All of these steps have occurred in liberal western democracies. Autocratic regimes have gone even further to harass and arrest online commentators and shut down parts of the internet.
Many nations appear to have become obsessed with watching their own citizens to catch the slightest infringements at the behest of the fearful, the political and the corporate interests.
I have not yet seen discussions over the relevancy and enforceability of national and state laws in the face of new technology occurring broadly in Australian society or public service in a measured and thoughtful way. There are hall corridors and conferences but little research and mixed knowledge.

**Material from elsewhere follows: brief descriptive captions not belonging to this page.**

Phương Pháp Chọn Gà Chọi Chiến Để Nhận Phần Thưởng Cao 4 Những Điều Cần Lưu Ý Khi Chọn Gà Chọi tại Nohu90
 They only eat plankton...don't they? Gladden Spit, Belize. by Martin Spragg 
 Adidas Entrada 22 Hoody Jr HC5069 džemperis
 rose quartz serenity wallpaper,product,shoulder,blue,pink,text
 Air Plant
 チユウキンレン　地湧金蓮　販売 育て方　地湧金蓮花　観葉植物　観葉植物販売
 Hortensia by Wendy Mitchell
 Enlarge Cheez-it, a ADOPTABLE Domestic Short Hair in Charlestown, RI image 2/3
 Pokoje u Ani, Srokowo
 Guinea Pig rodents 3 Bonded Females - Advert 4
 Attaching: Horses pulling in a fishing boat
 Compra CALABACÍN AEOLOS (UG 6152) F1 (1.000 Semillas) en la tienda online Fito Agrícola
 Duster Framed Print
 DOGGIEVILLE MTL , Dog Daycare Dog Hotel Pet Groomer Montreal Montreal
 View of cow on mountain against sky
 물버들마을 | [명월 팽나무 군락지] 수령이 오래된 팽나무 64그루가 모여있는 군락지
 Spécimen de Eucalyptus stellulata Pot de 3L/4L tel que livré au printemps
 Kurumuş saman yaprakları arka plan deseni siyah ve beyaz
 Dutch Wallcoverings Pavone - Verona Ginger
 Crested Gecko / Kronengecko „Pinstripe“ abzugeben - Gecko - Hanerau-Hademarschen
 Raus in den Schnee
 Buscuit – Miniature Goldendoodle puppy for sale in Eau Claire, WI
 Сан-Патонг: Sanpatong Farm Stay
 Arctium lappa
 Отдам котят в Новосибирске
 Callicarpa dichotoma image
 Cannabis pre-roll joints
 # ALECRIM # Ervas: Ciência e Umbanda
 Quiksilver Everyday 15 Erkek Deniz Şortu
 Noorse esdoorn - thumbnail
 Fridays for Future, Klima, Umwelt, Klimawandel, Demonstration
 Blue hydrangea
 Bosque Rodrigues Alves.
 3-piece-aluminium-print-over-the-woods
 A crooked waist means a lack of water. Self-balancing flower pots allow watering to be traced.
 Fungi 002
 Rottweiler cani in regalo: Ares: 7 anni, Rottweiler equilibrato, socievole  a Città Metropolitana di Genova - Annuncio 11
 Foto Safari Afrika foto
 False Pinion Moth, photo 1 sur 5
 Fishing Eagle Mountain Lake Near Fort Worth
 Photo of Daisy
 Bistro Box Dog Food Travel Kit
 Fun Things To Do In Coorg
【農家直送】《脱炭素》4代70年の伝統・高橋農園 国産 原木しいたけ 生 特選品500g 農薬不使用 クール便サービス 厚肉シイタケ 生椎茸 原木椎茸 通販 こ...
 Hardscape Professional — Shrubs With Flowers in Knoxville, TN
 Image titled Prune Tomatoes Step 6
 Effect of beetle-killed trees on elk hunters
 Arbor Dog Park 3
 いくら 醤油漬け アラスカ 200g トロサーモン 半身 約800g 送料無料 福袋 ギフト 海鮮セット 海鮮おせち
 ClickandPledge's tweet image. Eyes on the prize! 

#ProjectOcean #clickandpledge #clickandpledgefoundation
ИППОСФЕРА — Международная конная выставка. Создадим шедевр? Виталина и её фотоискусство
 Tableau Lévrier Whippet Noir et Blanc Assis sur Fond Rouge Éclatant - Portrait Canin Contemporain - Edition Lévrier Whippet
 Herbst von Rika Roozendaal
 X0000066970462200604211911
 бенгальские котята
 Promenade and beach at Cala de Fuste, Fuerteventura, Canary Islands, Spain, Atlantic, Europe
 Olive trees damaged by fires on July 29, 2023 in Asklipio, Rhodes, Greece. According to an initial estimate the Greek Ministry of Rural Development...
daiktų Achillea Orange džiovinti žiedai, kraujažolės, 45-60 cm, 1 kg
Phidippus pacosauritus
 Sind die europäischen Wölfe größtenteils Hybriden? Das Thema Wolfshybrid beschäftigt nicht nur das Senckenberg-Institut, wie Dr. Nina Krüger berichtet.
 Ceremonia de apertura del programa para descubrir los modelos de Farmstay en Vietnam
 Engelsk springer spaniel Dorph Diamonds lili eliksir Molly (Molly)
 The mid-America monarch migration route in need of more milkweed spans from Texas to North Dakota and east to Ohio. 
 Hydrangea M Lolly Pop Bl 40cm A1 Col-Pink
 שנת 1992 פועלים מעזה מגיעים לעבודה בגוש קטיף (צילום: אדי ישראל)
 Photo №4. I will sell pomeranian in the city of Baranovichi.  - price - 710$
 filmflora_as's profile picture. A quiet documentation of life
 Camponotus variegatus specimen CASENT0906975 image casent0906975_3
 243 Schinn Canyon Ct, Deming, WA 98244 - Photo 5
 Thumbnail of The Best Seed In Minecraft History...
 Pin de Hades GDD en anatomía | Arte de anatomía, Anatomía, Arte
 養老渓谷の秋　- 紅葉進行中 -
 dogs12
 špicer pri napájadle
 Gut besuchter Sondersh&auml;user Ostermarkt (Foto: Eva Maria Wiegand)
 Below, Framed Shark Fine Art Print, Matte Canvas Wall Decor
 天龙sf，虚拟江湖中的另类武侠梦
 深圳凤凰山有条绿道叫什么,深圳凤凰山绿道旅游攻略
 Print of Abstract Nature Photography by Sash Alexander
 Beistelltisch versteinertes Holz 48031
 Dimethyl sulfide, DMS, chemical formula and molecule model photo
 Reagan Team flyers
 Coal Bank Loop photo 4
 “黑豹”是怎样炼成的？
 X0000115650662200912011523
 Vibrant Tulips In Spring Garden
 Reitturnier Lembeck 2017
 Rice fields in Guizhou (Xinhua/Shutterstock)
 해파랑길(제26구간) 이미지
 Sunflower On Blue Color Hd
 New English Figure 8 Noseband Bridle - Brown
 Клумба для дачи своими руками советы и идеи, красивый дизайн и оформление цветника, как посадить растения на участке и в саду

The question of how to reconcile the geography of the physical world with the expanding frontiers of limitless and jurisdictionally challenged cyberspace should be integral to many policy conversations. Even seemingly unaffected industries and people are touched, subtly, but profoundly, by modern technologies as their impact continues to ripple outwards.
Just as we require the human rights of citizens and the needs of Australia's region to be considered in legislation, we need to begin considering the workability of geographical laws in the face of modern technology.
In some cases our police and courts will need to work closely with other jurisdictions, even those with diametrically opposed views, in order to detect crimes and detain criminals
In other cases we need to debate how far legislation needs to restrict our own citizens in order to protect corporate non-citizens.
We need to review all of our laws in the face of modern technology to decide which remain workable, cost-effective and practical and determine which require improvement, international agreements or are just plain unenforceable.
And we need to do this regularly as technology keeps moving.
For any geographic state to retain pre-eminent in meeting the needs and wants of its citizens, constraining behaviours that society does not wish propagated and protecting the body, person and interests of individuals, governments need to move to the front-foot regarding modern technology, to stop treating it as the 'other' or a special case.
Governments need to recognise and internalise that our civilisation is technological by its nature. Our culture, values and behaviour are continually shaped by what is possible with technology and what technology has unlocked.